Problem to work on ::
Wherever a line in the records contains the word "Ford", return that line.

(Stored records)
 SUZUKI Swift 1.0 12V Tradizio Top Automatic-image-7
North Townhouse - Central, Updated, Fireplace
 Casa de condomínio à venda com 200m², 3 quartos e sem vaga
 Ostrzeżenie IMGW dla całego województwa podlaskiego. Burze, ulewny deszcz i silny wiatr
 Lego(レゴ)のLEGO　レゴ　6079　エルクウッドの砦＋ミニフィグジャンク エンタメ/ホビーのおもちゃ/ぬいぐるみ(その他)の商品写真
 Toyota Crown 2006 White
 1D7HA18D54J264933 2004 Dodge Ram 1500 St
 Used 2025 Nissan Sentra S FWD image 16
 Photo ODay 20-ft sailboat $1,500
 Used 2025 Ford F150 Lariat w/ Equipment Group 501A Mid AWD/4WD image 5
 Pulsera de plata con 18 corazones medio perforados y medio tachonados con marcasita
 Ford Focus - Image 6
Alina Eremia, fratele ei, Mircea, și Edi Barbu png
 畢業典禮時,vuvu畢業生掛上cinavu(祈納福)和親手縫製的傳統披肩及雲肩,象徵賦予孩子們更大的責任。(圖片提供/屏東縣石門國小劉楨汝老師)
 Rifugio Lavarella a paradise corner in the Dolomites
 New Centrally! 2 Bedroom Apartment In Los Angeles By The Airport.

Written solution ::
 Used 2025 Ford F150 Lariat w/ Equipment Group 501A Mid AWD/4WD image 5
 Ford Focus - Image 6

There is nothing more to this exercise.